● Material provided

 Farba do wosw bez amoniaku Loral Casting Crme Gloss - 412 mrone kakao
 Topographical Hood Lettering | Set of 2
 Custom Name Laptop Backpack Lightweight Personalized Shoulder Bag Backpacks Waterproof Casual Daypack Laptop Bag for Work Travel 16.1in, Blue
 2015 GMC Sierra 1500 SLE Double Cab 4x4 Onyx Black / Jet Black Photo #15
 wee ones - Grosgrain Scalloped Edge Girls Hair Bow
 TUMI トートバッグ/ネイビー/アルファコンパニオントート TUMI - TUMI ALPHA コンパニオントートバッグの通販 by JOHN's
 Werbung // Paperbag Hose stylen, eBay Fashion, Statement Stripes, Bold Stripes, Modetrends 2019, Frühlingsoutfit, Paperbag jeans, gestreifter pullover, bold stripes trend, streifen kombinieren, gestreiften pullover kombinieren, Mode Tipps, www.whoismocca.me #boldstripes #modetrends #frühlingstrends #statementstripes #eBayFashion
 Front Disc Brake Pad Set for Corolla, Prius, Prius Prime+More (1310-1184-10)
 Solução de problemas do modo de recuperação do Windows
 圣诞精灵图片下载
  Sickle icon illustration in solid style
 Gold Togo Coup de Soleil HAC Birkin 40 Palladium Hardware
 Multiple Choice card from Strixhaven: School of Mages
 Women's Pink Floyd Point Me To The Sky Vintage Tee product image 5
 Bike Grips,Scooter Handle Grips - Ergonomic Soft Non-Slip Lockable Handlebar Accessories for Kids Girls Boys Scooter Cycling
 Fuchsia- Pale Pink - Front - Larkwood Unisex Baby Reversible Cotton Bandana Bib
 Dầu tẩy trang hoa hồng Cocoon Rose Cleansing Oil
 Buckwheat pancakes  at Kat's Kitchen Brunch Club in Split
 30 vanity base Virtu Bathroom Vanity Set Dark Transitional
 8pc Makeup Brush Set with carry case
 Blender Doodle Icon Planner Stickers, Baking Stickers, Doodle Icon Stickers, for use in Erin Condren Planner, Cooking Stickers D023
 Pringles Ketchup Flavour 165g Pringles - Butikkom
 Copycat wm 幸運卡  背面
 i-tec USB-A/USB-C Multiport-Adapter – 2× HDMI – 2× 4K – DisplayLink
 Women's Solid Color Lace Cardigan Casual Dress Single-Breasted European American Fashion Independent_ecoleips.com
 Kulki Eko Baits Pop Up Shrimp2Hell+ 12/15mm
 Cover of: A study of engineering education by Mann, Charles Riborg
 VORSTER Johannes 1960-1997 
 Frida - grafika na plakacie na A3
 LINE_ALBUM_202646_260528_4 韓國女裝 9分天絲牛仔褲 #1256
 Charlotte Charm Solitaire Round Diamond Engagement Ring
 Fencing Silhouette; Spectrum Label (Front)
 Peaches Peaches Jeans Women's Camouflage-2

● Exercise prompt
State how many lines of the entries above include the string "Women". The reply is that number alone.

● Solution to the problem
3